TASK OBJECTIVE —
Would you print, word for word, only the lines running from the line with "Multi-ethnic business clapping" to the last line of the entries, without the pictures?

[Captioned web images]
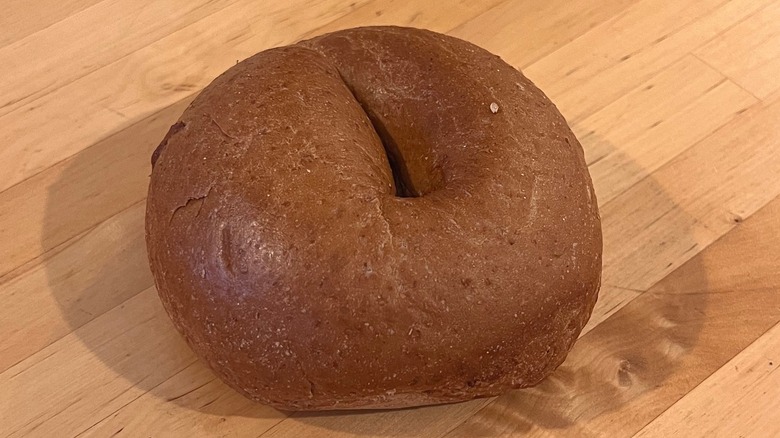 Whole wheat bagel on table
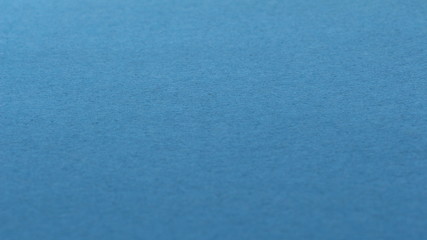 blue paper background with pronounced cardboard texture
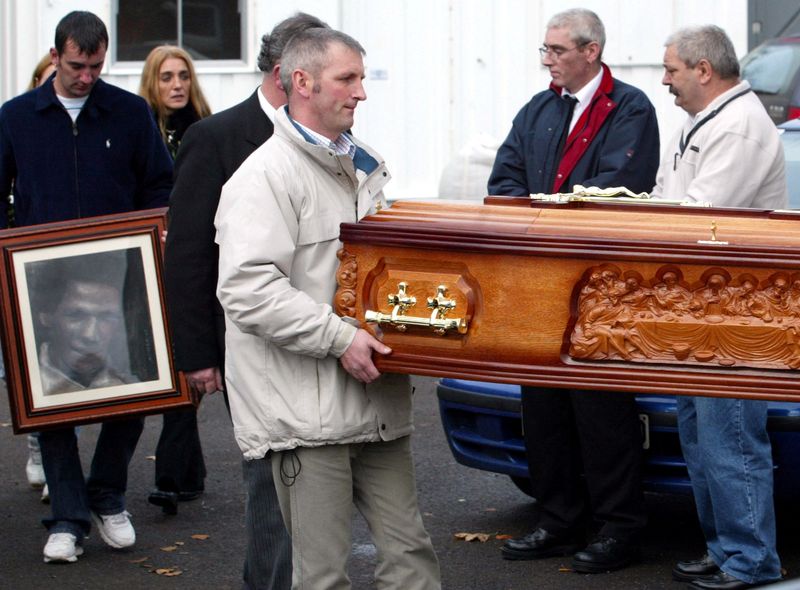 &copy; Reuters. FILE PHOTO: A family member carries a picture of murdered Belfast mother Jean McConville, while other unidentified family members carry her coffin into a family house in the small County Antrim village of Crumlin, Northern Ireland, October 30, 2003. . REU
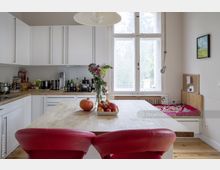 Helle Küche mit weißen Einbauschränken, einer Holzarbeitsplatte und einer Kochinsel mit roten Barhockern. Auf der Insel stehen Obst und eine Vase mit Blumen, im Hintergrund ein großes Fenster mit Blick ins Freie und eine gepolsterte Sitzbank an der Wand.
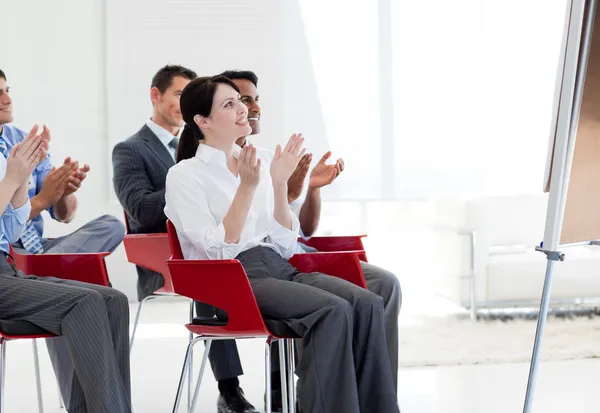 Multi-ethnic business clapping at the end of a conference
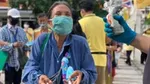 Woman wearing a mask carrying a bag
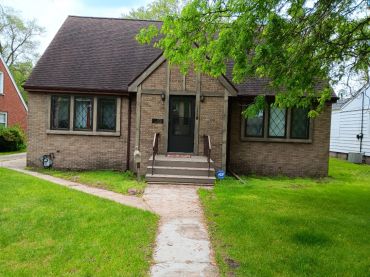 A small brick house with a front porch and green lawn.
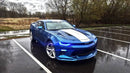 Three quarters view of a Chevrolet Camaro with blue headlight and fog light DRLs.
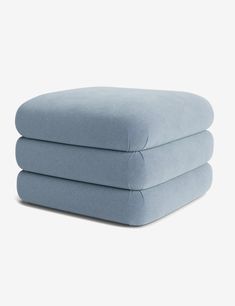 three blue pillows stacked on top of each other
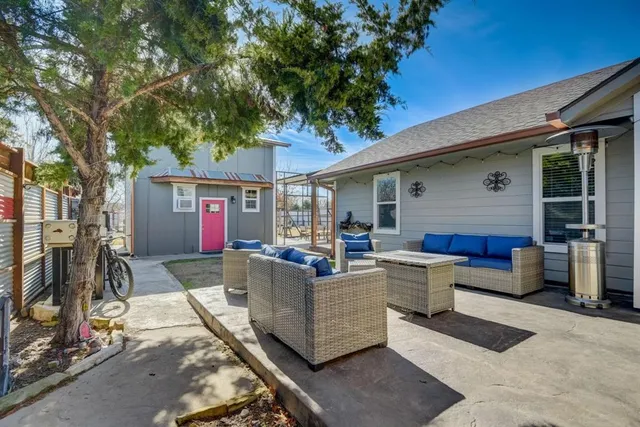 a building outdoor space with patio furniture and potted plants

EXERCISE RESULT —
 Multi-ethnic business clapping at the end of a conference
 Woman wearing a mask carrying a bag
 A small brick house with a front porch and green lawn.
 Three quarters view of a Chevrolet Camaro with blue headlight and fog light DRLs.
 three blue pillows stacked on top of each other
 a building outdoor space with patio furniture and potted plants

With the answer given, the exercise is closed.